What is being asked — How many of the lines below hold the string "Front"? Say only the number.

____

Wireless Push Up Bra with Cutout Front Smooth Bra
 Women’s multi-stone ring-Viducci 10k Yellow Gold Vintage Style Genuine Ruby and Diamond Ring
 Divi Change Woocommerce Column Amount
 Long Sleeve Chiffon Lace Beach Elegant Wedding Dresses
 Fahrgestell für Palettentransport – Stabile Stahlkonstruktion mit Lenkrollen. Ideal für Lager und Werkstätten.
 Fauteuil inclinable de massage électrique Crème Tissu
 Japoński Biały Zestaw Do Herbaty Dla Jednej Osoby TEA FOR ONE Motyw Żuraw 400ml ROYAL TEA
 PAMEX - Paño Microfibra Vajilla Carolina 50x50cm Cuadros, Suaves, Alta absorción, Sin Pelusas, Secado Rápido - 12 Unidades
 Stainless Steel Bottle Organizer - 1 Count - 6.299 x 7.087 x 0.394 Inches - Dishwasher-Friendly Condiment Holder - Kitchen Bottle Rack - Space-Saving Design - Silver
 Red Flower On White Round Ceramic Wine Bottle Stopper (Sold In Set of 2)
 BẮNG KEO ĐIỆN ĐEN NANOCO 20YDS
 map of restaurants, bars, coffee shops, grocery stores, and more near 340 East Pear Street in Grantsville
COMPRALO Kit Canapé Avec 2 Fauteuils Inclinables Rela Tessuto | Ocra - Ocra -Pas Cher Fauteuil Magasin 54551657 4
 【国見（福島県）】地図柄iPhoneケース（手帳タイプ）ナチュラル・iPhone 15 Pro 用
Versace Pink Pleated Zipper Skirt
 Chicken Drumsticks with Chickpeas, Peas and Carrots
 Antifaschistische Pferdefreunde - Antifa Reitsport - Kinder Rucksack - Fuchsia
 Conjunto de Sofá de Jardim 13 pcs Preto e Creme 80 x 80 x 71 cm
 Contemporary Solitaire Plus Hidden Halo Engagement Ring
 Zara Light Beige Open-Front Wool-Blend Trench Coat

____

Output of the exercise — 2